Pythagoreion and Heraion of Samos (World Heritage)

By | August 20, 2021

The ruins of the ancient port city of Pythagoreion recall the significant history of the island off the Ionian coast, which had its heyday under the tyrant Polycrates in the middle of the 6th century BC. Experienced. The ruins and exposed monuments include parts of the city as well as large areas of the Heraion with the monumental Hera temple and the water tunnel of the Eupalinos.

Pythagoreion and Heraion of Samos: facts

Official title: Pythagoreion and Heraion of Samos
Cultural monument: Ruins of the sanctuary of Hera, in the 6th century BC The largest temple of its time with a size of 52.5×105 m, and the ancient port city of Pythagoreion with the remains of the ancient pier of Polykrates, with 6.5 km long city wall from the 4th century BC. In addition to 35 towers and 12 gates, the ancient residential town and the 1 km long tunnel of the Eupalino of Mégara for water supply
Continent: Europe
Country: Greece, Southern Sporades
Location: Pythagoreion and Heraion, southwest of the city of Sámos on the island of Sámos
Appointment: 1992
Meaning: Evidence of the long history of settlement on the island of Samos

Pythagoreion and Heraion of Samos: History

around 1000 BC Chr. Settlement by Ionian Greeks
532-522 BC Chr. It flourished under the tyrant Polykrates
522 BC Chr. Execution of Polykrates by the Persians
439 BC Chr. Captured by the troops of Pericles
133 BC Chr. Incorporation into the Roman Empire
1207 Occupation by Franconia
1475 Capture by Turks
1821 Participation in the Greek War of Liberation
1832 independent principality
1910 Beginning of excavations of the Heraion
1912 Connection to Greece
1963 Discovery of the sacred Lygos tree

Admired by Herodotus…

According to naturegnosis, the Greek historian Herodotus did not fail to receive praise when he reported on Sámos. The three most powerful structures built by the Greeks were found here: the dam of Sámos, the tunnel through Mount Ampelos and the stately sanctuary of Hera.

Indeed, these buildings are outstanding architectural and technical masterpieces of the pre-Christian millennium. Sámos was at the height of his power in the 6th century BC when the tyrant Polycrates ruled the island. Not only was the fortune of war on his side, he also knew how to rally important artists and scientists of his time, including Herodotus and Anacreon. With a sense of the art of war, he had a huge pier built, which protected the harbor, in which the fleet of 150 ships was moored. This port, created by the slave labor of slaves from Lesbos, is considered to be one of the technical highlights of ancient Greece. But the power of the tyrant relied not only on the fleet, but also on an army of more than a thousand archers.

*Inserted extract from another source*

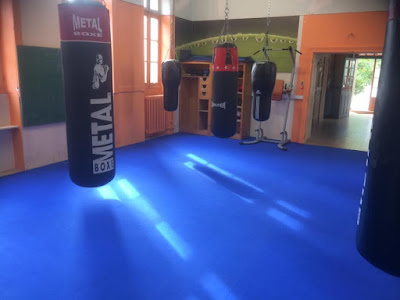 Boxing Club Moulinois à Yzeure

With the help of the architect Eupálinos, Polykrates also succeeded in perhaps the most ingenious work of ancient Greek engineering: probably to be immune to any siege, he not only surrounded his capital with a city wall over six kilometers long, but also made provisions for the supply of drinking water during such unfortunate times. To this end, he had a more than one kilometer long tunnel, lined with water pipes, driven through the Ampelos mountain – the second known tunnel in history that was built using the opposite direction. It is believed that the construction work took between five and ten years. The technical masterpiece of a hidden and accessible, two-meter-wide tunnel, which was probably also intended as an escape route, was still used in later centuries, as numerous finds show.

A “holy road”, paved in Roman times, led almost straight to the Hera sanctuary seven kilometers southwest of the city. Multiple excavations have confirmed the legends that have been handed down that a holy place was established here in the earliest times. Excavation finds testify to ritual rituals from at least the second millennium BC. The early worship of a deity of the earth and fertility that was cultivated there merged around the turn of the first millennium BC with the worship of Heras, the wife of Zeus in Greek mythology. She was probably originally a pre-Greek goddess of nature and fertility, the “Bringer of everything,” as she was poetically praised. At first the goddess was worshiped in the form of a raw wooden board, which was only transformed into a human figure in the Greek era. After the first temples and altars were built in honor of the goddess around the middle of the sixth century BC, a huge temple was built two decades later, according to plans by the architects Rhoikos and Theodoros, “the largest we know” for Herodotus. A single column rising from the ruins still testifies to the grandeur of the building, which was built as a temple with a double row of columns. The pillars of this holy place rose up to twenty meters high into the sky. And the dimensions of the temple were huge for the time: It covered an area of ​​52.5 by 105 meters.

Today’s landscape of ruins can only be enlivened with great imagination; only fragments have been preserved of the life-size and larger-than-life statues of gods and humans that once lined the processional streets. But these and other remains, some of which can be admired in the local museum, testify to the high level of sculpture on Sámos.